O que é Lugar de Fala? pertence a coleção Feminismos Plurais para confrontar um pseudodebate que se estrutura na deturpação da história, raça e de classe, representatividade e feminismo. Que se estrutura em equívocos conceituais sobre o lugar de fala de cada grupo. Que lugar de fala é esse? Quando não se é pensado nesse lugar de fala, quem se beneficia? Quem perde? Para responder a essas perguntas, Djamila traz à luz do debate mulheres negras, latinas pensadoras, pesquisadoras, estudiosas, inclusive nomes como o de Gayatri Spivak, filosofa indiana. Rompendo com uma ótica estreita e simplista que ainda sustenta a deslegitimação de múltiplas vozes.
“Também podemos citar essa realidade no contexto brasileiro, o alto índice de feminicídio de mulheres negras, a constatação de que mulheres negras ainda são maioria no trabalho doméstico e terceirizado e tantos outros exemplo.”

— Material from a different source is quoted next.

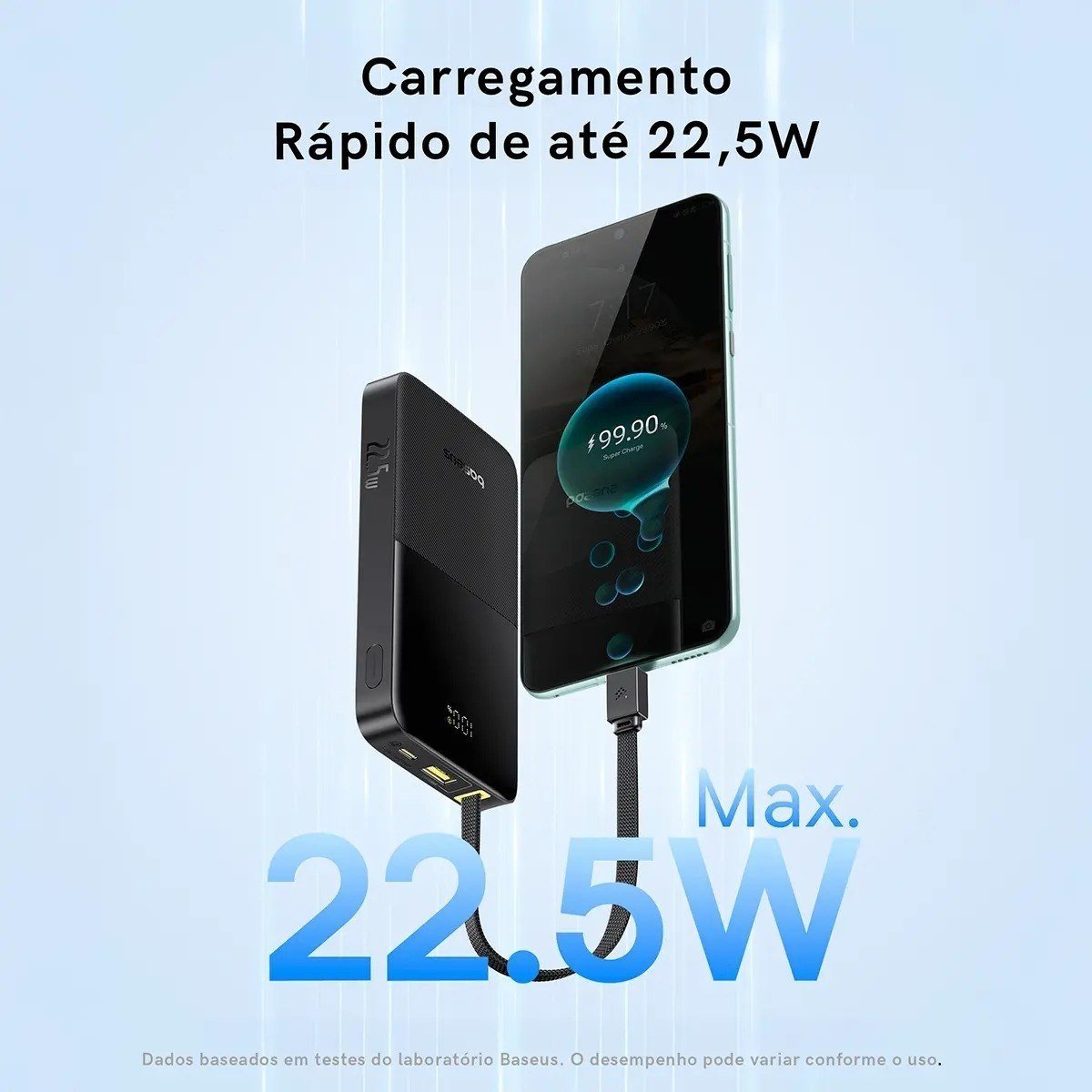 Power Bank Baseus Turbo Bipow2 Pro 20000mah 22.5w Cor Preto 🛒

Cada página do livro proporciona aos leitores um universo amplo de desconstrução, pesquisa, novos conhecimentos, de repensar lugares de privilégios. A mudanças implicam em fugir do discurso óbvio e sensacionalista para que de fato possamos falar de democracia, liberdade, feminismo, raça, ética, cidadania... e que essa fala possa, enfim, ecoar as múltiplas vozes. Que essa fala, de fato, se materialize num debate honesto e com equidade.